Tables design

From Inventing aviation
Revision as of 12:37, 3 November 2016 by Econterms (talk | contribs) (more page titles)
Jump to navigation Jump to search

The big idea of this site

The idea is to combine into one wiki lots of semi-standardized information about the development of aeronautics and aviation from 1800ish to 1916ish. It is a period when we can watch, through these data streams, the evolution of aviation from being a dubious dream toward being a science and technology then an industry. The data in every table is incomplete and needs lots of work but the wiki will be somewhat better than spreadsheets for improving it. Every table needs lots of unstructured wiki-text space, which might be longhand wikilinks will be valuable there. Every table will have some dates or years, and some kind of language or country identifier. I want the kinds of features in WikiPapers and DiscourseDB plus another one I can show.

Patent table

One table has information on each of many patents (>13,000) related to this subject. This is the one I can send soon. It has about 40 columns, basically all text strings or numbers. Only a few of them are semantically significant in the sense that other pages need to query them. There are dates but not all known or formatted yet so I am inclined to treat them as text in the near run.

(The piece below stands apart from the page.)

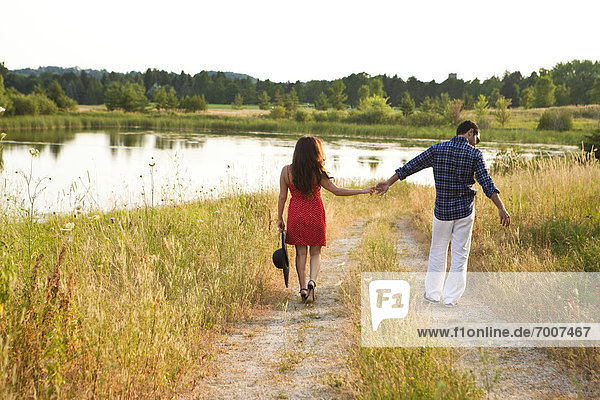 Couple Walking by Pond  Unionville  Ontario  Canada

  • Page title = GlobalPatentId: country-filingyear-patentnumber, *
  • FYear -- date, for year-filed -- just number
  • GYear -- date, for year-granted
  • Office -- list of country pages
  • PatNum -- string
  • Inventors -- list of person pages
  • InventorCountry -- list of country pages
  • ApplicantPerson -- list of person pages
  • ApplicantFirms -- list of organization pages
  • Applicant_type -- string12
  • Appt_is_invt -- Boolean
  • OriginalTitle -- string099
  • EnglishTitle -- string99
  • Techfields -- list of TechType pages
  • FilingDate -- date
  • FullSpecificationFiledDate -- date
  • Appnum -- string
  • GrantDate -- date
  • Granted -- boolen
  • PubDate -- date
  • Supplementary_to_patent -- list of patent pages separated by semicolons
  • RelatedToAircraft float 0/.5/1 (blank means don't know)
  • SerialNum -- string19
  • PatentAgent — a firm page
  • AssignedTo — a person or firm page. (if ambiguity impossible, can make this a URL or string)
  • NationalTechCat — list of Techtype pages
  • IPCs — list of Techtype pages
  • CPCs — list of Techtype pages
  • FamilyYear — integer
  • FirstFiling — boolean
  • Citations — integer
  • ApplnId— string40
  • Inpadoc_family_id — string40
  • TextPgs -- integer
  • DiagramPgs -- integer
  • FiguresCount -- integer
  • ClaimsCount -- integer
  • Notes and sources -- page section
  • includes: URL sources (espacenet, google patents, whatever), Citedby references
  • InventorAddr -- move to person info

Publications table

One table will have information on each of >30,000 publications in this early period related to aeronautics and aviation, computerized mainly from published bibliographies at that time. There will be many fields here, probably 25 or more. This is not ready to upload but it will be the biggest table.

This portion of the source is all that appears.